» Task instructions
Hunt for the word "acid" across the entries below, copying each line that holds it.
START Data
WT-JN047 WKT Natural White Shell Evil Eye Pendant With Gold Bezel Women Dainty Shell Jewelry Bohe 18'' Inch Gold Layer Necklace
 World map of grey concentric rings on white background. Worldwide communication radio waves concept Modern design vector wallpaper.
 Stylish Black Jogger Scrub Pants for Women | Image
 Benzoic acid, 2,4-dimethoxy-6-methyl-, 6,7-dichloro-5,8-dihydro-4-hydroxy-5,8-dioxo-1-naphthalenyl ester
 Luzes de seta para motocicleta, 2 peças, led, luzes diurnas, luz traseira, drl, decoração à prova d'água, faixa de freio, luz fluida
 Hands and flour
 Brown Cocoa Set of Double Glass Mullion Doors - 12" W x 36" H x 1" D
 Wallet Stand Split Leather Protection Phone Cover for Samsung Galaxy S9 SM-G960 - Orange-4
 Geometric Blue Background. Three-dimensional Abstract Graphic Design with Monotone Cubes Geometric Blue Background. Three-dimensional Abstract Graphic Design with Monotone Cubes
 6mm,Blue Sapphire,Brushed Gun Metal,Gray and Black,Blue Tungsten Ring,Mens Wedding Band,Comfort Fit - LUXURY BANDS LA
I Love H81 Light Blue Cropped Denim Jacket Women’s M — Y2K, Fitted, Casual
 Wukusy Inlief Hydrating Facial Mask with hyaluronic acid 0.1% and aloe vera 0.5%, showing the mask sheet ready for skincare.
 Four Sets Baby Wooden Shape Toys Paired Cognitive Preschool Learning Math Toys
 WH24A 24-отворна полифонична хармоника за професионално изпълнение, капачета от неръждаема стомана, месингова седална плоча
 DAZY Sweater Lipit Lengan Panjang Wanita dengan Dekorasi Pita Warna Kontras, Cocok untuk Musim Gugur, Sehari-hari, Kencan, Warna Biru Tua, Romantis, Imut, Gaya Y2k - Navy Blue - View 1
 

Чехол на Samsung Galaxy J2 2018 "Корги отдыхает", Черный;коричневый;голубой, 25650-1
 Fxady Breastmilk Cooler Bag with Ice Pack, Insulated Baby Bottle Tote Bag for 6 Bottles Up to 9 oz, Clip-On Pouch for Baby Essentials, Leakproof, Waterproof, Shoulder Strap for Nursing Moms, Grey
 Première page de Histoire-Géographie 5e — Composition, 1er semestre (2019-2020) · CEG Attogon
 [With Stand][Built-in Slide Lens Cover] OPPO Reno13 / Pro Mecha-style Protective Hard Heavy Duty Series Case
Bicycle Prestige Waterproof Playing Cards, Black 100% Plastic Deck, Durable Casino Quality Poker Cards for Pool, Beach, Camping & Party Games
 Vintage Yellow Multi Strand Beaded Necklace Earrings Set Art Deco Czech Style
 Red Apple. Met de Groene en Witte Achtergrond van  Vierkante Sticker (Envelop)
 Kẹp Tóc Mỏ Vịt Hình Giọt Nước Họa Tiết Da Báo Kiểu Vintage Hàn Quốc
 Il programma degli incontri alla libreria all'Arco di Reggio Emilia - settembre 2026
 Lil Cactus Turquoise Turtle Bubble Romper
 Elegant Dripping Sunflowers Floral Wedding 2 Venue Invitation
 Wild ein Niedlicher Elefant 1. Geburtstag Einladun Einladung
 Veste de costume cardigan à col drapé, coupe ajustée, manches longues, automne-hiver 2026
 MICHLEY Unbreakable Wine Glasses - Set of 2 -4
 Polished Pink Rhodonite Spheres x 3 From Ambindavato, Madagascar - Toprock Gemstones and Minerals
END Data
» Result of the task
 Benzoic acid, 2,4-dimethoxy-6-methyl-, 6,7-dichloro-5,8-dihydro-4-hydroxy-5,8-dioxo-1-naphthalenyl ester
 Wukusy Inlief Hydrating Facial Mask with hyaluronic acid 0.1% and aloe vera 0.5%, showing the mask sheet ready for skincare.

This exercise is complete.